The credit system in the undergraduate level will boost the confidence of students as they get a certificate while discontinuing the course in midway thereby to kick off their career. The credit will be stored in the Academic Bank of Credit. In this way, they can re-enter and finish the entire duration of course anytime they wish. The assessment is expected to be more comprehensive and centralized in which institutions across the country can access the data whenever the student approaches them to enrol for a course or credit.

Assessing the application of knowledge is going to be the model of assessment. Another crucial change is the report card, which is a continuous and comprehensive evaluation (CCE) with a holistic assessment. It will be a record of all-round activities during academic time. A common entrance examination for universities is another suggestion in the NEP. It could be administered by National Testing Agency (NTA).

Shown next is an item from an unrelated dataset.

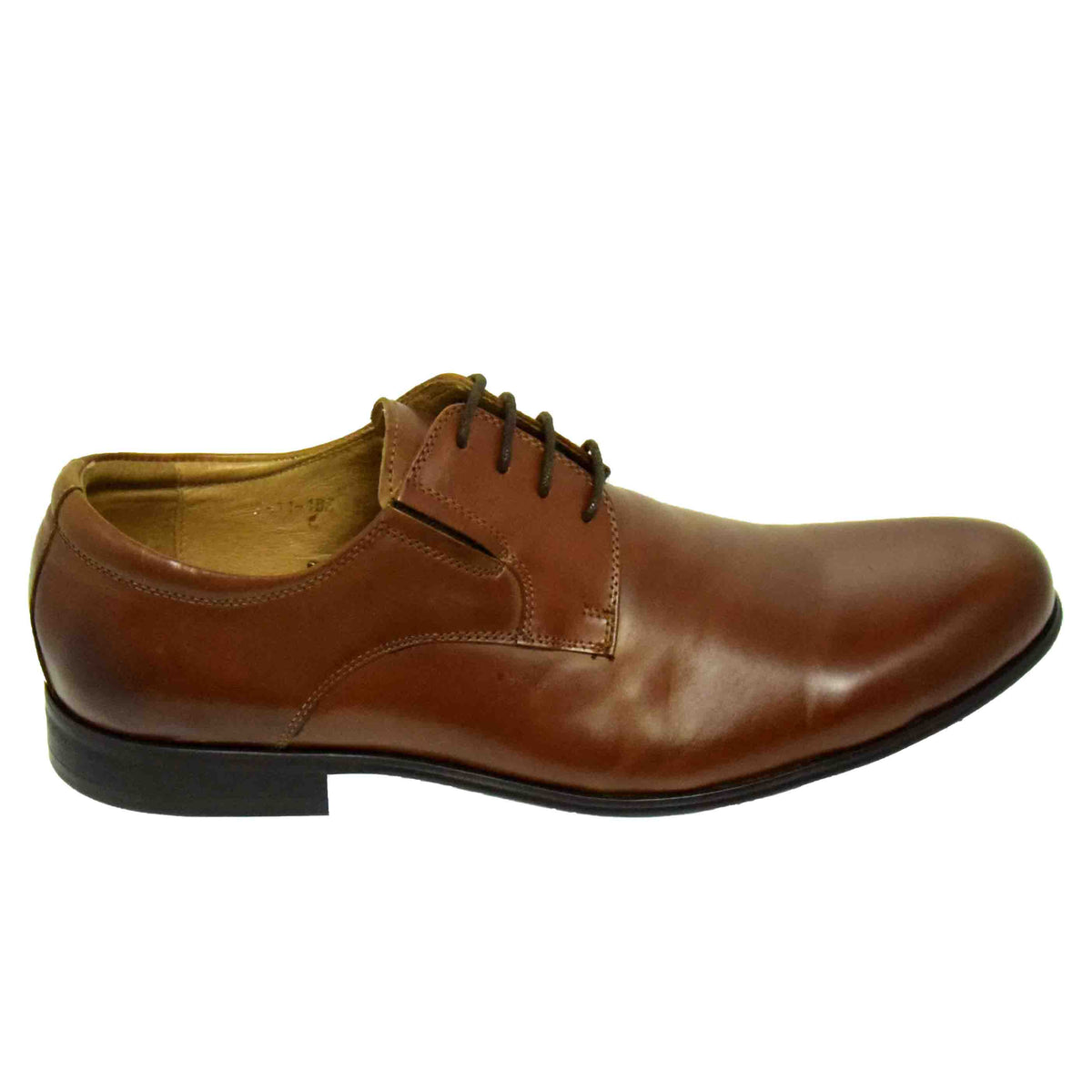 PANTOFI CASUAL BĂRBAȚI ELDERMAS EL3 - imagine 9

A well-defined assessment architecture for a National Assessment Strategy, almost as if embedded in stealth mode was also proposed.A strategy that can drive fundamental change in a way that enables action at the level of state, school, teacher, and scholar, without disrupting the deep, almost existential faith in examinations, but works with it constructively to improve learning. In sum, the National Education Policy 2020 is a pathbreaking policy to lead our education system to new heights.